AIM OF THE TASK
From the first line to the last, copy the listing exactly and omit the images.

-- DATASET ENTRIES follows --

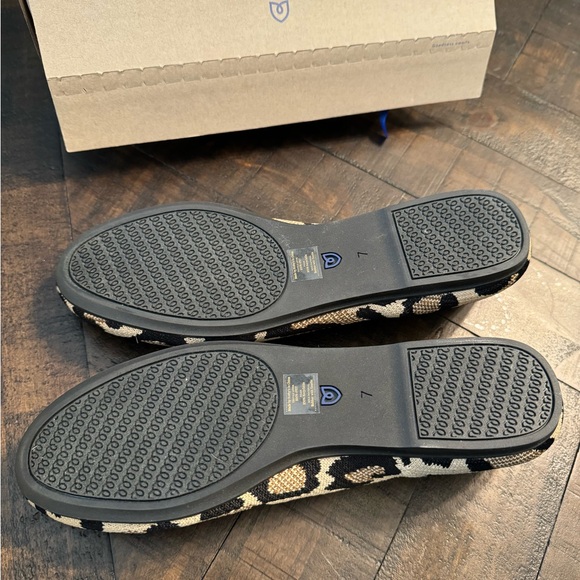 Rothy washable shoes. Flats - Picture 3 of 7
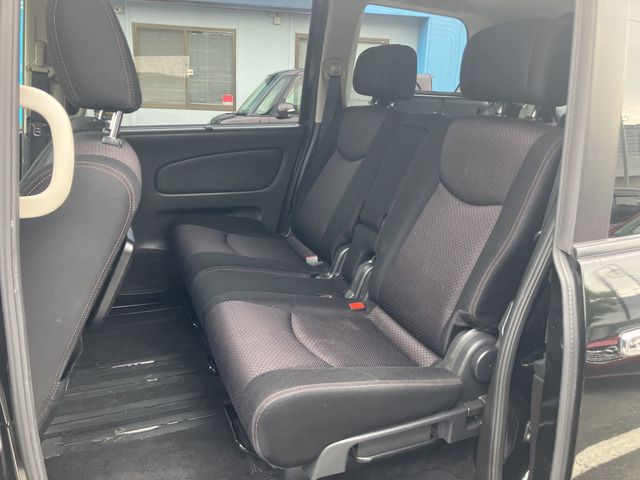 NISSAN SERENA  WG 2011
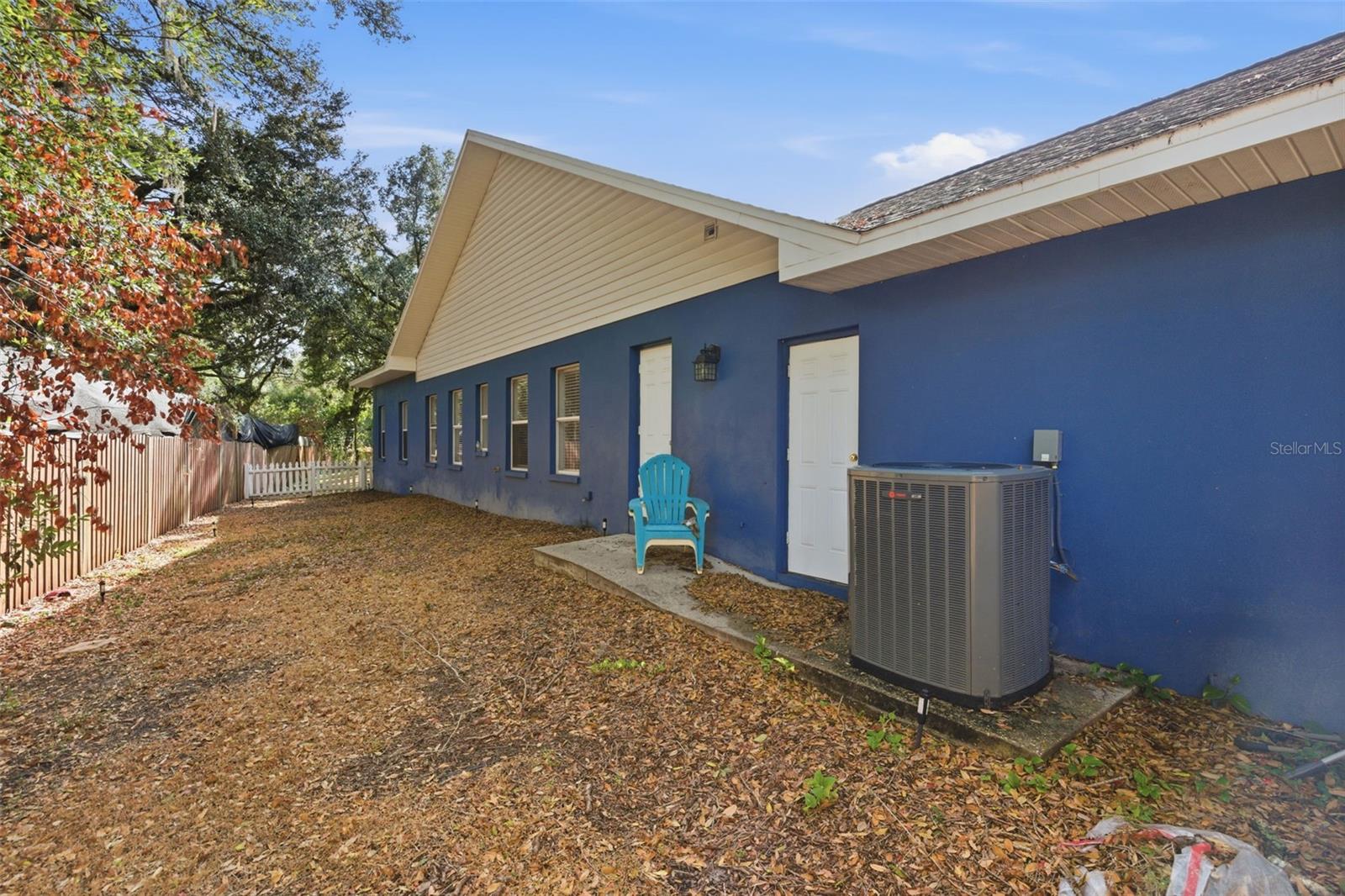 COLONIAL OAKS - Residential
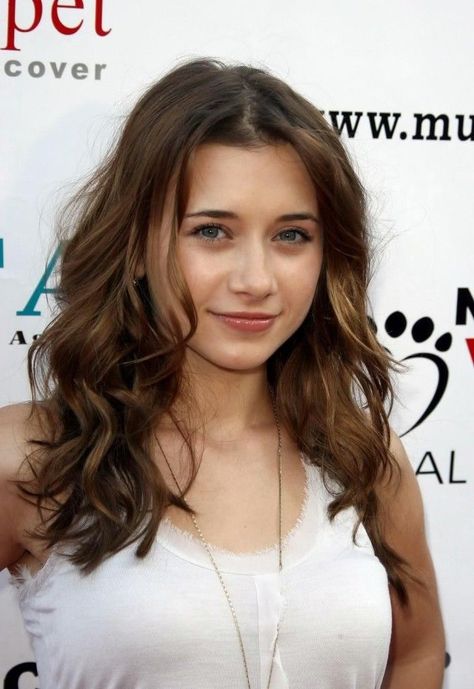 Olesya Rulin, High School Musical 3, High School Musical, Look Alike, Face Claims, American Actress, Pretty People, Actresses, Long Hair Styles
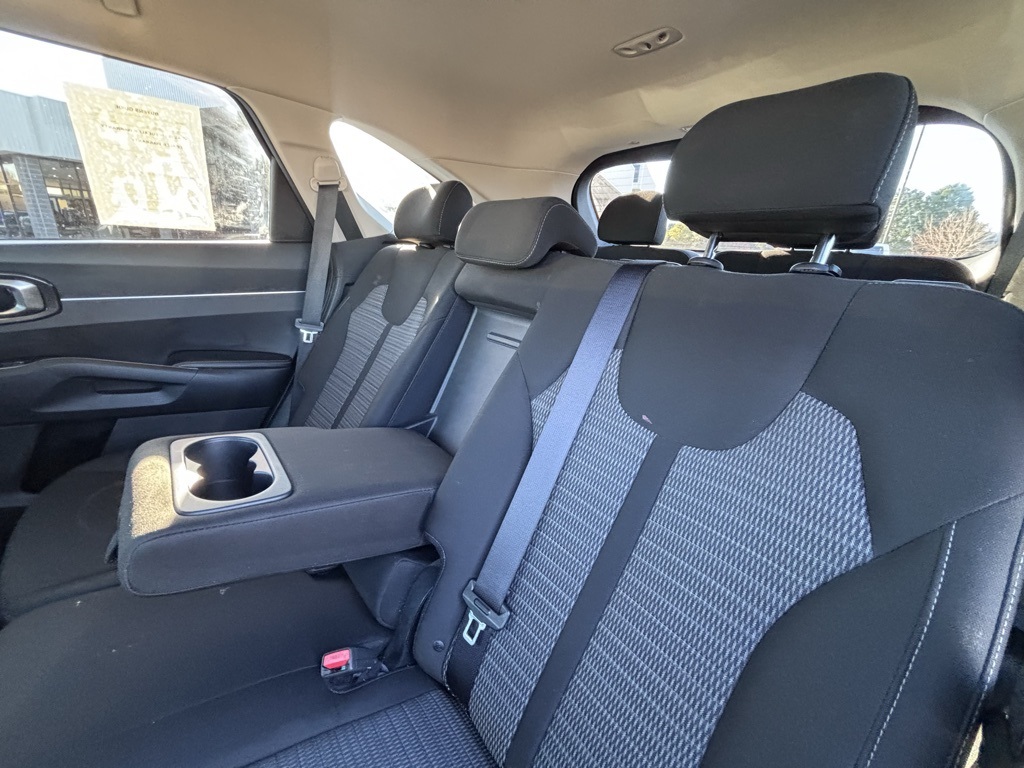 2021 Kia Sorento LX photo 14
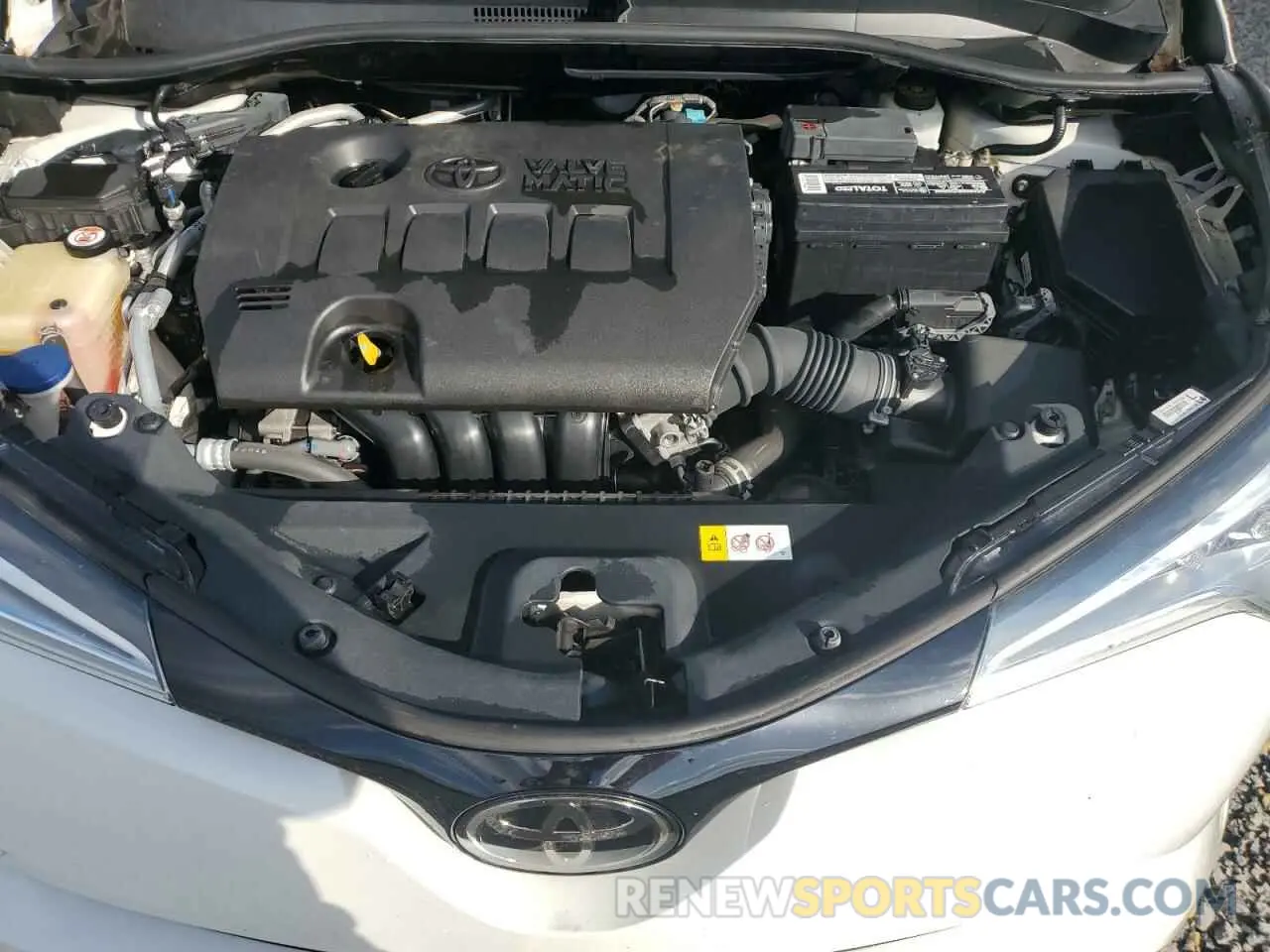 12 fotografías del automóvil dañado NMTKHMBX1KR078773 TOYOTA C-HR 2019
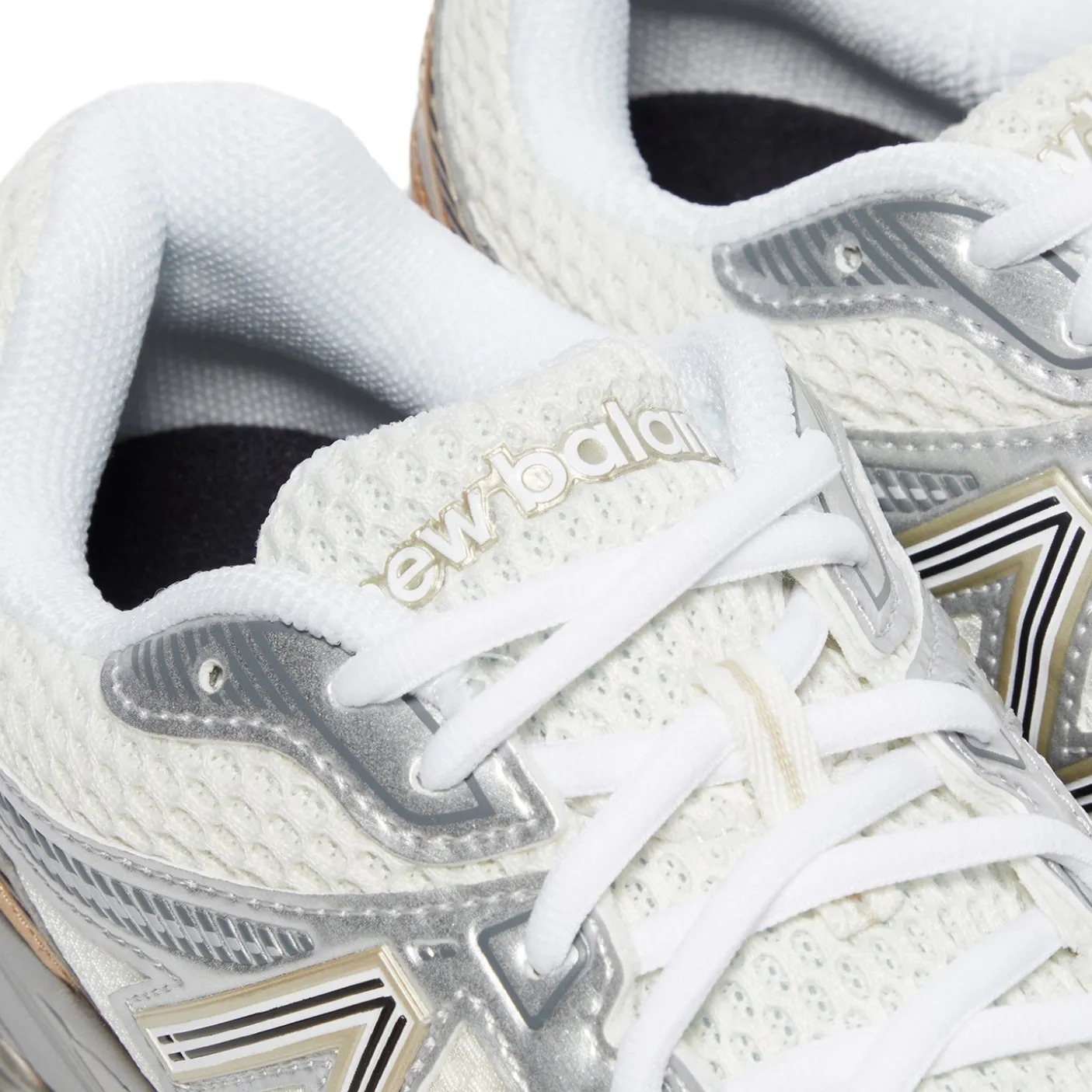 New Balance 860v2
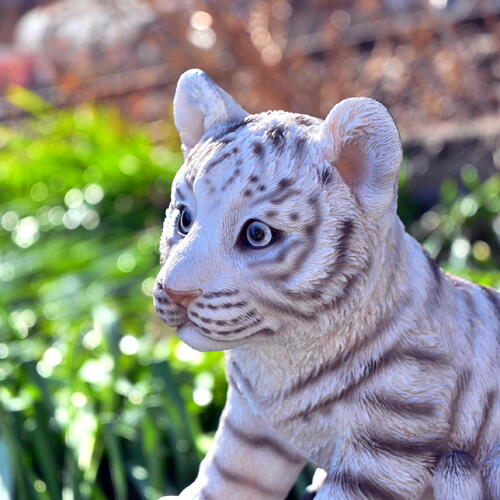 楽天市場】ホワイトタイガー 虎 トラ 2個セットトラの置物 置物 リアル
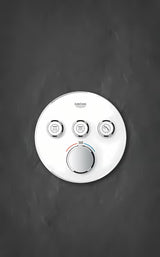 Podometna termostatska armatura za tuš Grohe Grohtherm smartcontrol v izvedbi Moon White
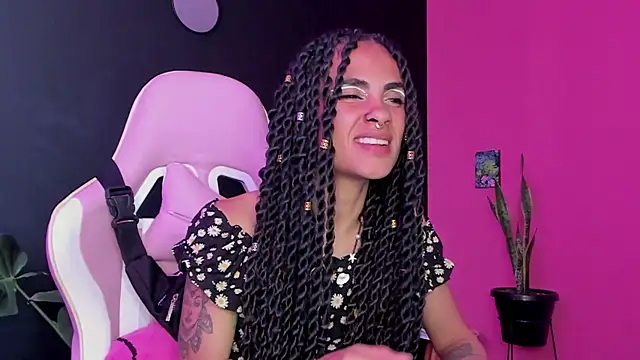 Juanadearco5 online show from January 17, 6:54 pm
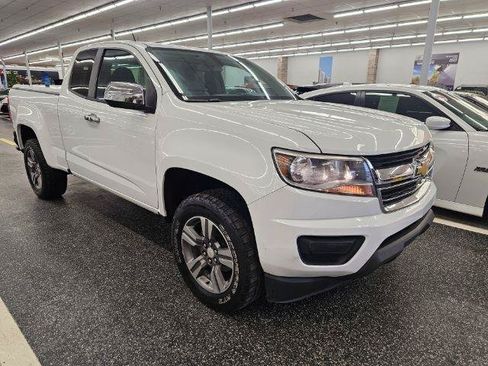 Used 2015 Chevrolet Colorado W/T RWD image 3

-- DATASET ENTRIES concluded --

ANSWER
 Rothy washable shoes. Flats - Picture 3 of 7
 NISSAN SERENA  WG 2011
 COLONIAL OAKS - Residential
 Olesya Rulin, High School Musical 3, High School Musical, Look Alike, Face Claims, American Actress, Pretty People, Actresses, Long Hair Styles
 2021 Kia Sorento LX photo 14
 12 fotografías del automóvil dañado NMTKHMBX1KR078773 TOYOTA C-HR 2019
 New Balance 860v2
 楽天市場】ホワイトタイガー 虎 トラ 2個セットトラの置物 置物 リアル
 Podometna termostatska armatura za tuš Grohe Grohtherm smartcontrol v izvedbi Moon White
 Juanadearco5 online show from January 17, 6:54 pm
 Used 2015 Chevrolet Colorado W/T RWD image 3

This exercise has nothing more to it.